Law in favor of a real estate project of Trump's son-in-law, passed in the Parliament of Serbia


Jared Kushner and Donald Trump, Photo: AGERPRES
On Tuesday, the Serbian Parliament adopted a special law that would allow the acceleration of the demolition of the former headquarters of the General Staff of the Yugoslav Army, located in the very center of Belgrade, a land on which Jared Kushner, the son-in-law of the American President Donald Trump, intends to build a luxury hotel, reports AFP on Friday, taken over by Agerpres.
The subject is a sensitive one in Serbia, as it is a building that was bombed several times in 1999 in the US-led NATO air campaign to end the war in Kosovo.
The headquarters of the General Staff in the center of the capital was never rebuilt. Badly damaged by bombing, the building, built in 1965, was declared a protected “cultural asset” by the Serbian government in 2005. It is adjacent to the headquarters of the Ministry of Defense and the Ministry of Foreign Affairs.

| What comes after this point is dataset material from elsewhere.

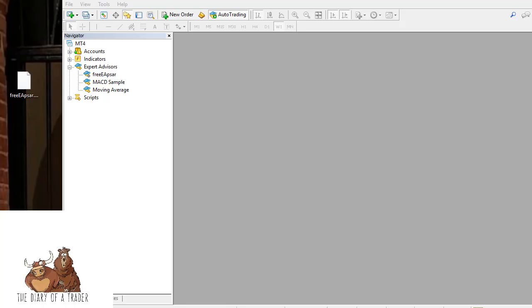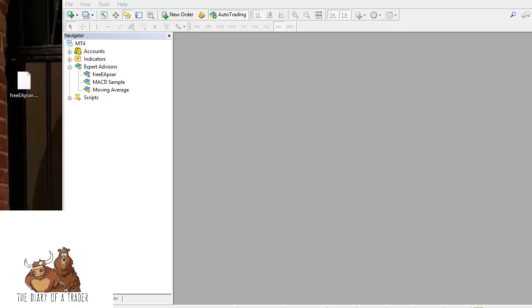There are many places online where you can get an Expert Advisor. They come in different varieties - some are just the simple algorithm itself, which I'll be showing, but others come with templates. Sometimes they come in a zip file, sometimes they don't. It just comes down to the author.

Jared Kushner's company Affinity Partners – welcomed several times to Serbia by President Aleksandar Vucic – last year signed a 99-year lease with the Serbian government to redevelop the site, which had just been revoked as a “cultural asset”.
But the project was suspended in May due to suspicions that documents used to raise this status were falsified. An investigation is still ongoing. This did not prevent the deputies of the majority to adopt, with a vote of 130-40, a special law by which the redevelopment is declared urgent, which obliges the administration to quickly release the authorizations.
The second partner in the project is the real estate developer Eagle Hills from the United Arab Emirates, which was involved in a controversial project to redevelop a large part of the banks of the Sava River, a tributary of the Danube, a project that raised public opposition in 2016.
The adoption of the law was preceded by stormy debates in the parliament, with the majority deputies stating that the opposition wants to damage “good relations with the United States”. “The headquarters of the General Staff has been bombed and left in ruins for 26 years,” said Miljenko Jovanov, a deputy of the Serbian Progressive Party (SNS) of President Vucic, stating that he supports “good relations with the US that many are trying to compromise.”
In a press conference in front of the building in question, several experts and architects called for its preservation, “a unique architectural masterpiece”, according to Miljan Salata, a member of the Association of Architects of Serbia. “This building is safe, rebuildable and should remain accessible to the public as a memorial to the victims of NATO bombing,” he added.
The law “sets a dangerous precedent” by which any cultural monument could be sold and demolished, warned Estela Radonjic Zivkov, from the Institute for the Protection of Cultural Monuments.